**Supplied entries**.
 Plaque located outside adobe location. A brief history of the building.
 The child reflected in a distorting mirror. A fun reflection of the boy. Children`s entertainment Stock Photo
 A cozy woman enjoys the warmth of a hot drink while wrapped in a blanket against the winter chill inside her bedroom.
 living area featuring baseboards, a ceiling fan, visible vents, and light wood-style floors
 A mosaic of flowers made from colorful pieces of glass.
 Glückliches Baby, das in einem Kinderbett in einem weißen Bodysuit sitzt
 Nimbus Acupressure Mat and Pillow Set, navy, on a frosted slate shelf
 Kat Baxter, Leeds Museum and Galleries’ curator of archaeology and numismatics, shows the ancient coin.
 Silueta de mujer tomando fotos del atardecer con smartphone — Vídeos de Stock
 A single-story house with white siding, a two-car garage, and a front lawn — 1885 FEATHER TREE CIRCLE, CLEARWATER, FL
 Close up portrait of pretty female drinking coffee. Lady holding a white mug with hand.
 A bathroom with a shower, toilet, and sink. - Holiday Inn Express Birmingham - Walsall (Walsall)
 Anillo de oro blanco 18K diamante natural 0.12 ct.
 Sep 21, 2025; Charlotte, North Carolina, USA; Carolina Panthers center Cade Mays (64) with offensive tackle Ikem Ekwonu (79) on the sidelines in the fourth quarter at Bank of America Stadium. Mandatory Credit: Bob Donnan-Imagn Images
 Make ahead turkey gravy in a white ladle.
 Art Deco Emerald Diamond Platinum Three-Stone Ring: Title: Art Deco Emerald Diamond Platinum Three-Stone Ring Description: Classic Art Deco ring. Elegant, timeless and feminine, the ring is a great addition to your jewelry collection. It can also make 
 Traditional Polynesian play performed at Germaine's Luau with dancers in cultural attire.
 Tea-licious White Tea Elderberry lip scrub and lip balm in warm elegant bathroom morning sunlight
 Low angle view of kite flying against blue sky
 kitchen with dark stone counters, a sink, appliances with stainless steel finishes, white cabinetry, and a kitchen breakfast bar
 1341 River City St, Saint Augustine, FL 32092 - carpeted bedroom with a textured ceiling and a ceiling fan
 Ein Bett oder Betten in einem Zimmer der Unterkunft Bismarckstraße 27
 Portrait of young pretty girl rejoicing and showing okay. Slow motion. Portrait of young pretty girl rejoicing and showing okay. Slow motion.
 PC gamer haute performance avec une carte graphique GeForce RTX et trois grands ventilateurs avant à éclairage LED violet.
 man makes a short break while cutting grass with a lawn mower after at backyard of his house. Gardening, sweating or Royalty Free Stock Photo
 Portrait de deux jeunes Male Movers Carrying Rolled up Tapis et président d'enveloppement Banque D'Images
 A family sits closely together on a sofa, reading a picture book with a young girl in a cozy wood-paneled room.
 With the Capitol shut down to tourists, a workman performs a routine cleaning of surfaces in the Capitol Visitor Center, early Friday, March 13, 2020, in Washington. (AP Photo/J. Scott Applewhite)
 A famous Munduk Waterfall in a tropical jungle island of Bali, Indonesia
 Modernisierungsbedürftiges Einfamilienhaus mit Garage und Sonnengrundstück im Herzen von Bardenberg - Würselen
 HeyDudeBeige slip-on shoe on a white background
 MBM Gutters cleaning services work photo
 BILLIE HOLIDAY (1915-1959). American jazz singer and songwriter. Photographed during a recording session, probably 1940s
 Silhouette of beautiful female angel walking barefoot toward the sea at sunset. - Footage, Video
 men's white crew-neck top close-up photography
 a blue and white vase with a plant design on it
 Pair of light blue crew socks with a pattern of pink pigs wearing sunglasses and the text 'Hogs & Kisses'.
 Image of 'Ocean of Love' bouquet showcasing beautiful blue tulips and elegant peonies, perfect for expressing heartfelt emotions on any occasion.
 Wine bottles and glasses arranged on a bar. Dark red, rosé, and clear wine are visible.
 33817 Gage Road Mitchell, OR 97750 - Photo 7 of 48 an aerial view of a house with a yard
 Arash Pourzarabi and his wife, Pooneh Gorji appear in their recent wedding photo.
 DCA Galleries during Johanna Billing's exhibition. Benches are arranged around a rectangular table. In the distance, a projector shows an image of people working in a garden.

**What to do**.
Looking through the data above, copy out each line in which the string "beautiful" occurs.

**Solution for this exercise**.
 Silhouette of beautiful female angel walking barefoot toward the sea at sunset. - Footage, Video
 Image of 'Ocean of Love' bouquet showcasing beautiful blue tulips and elegant peonies, perfect for expressing heartfelt emotions on any occasion.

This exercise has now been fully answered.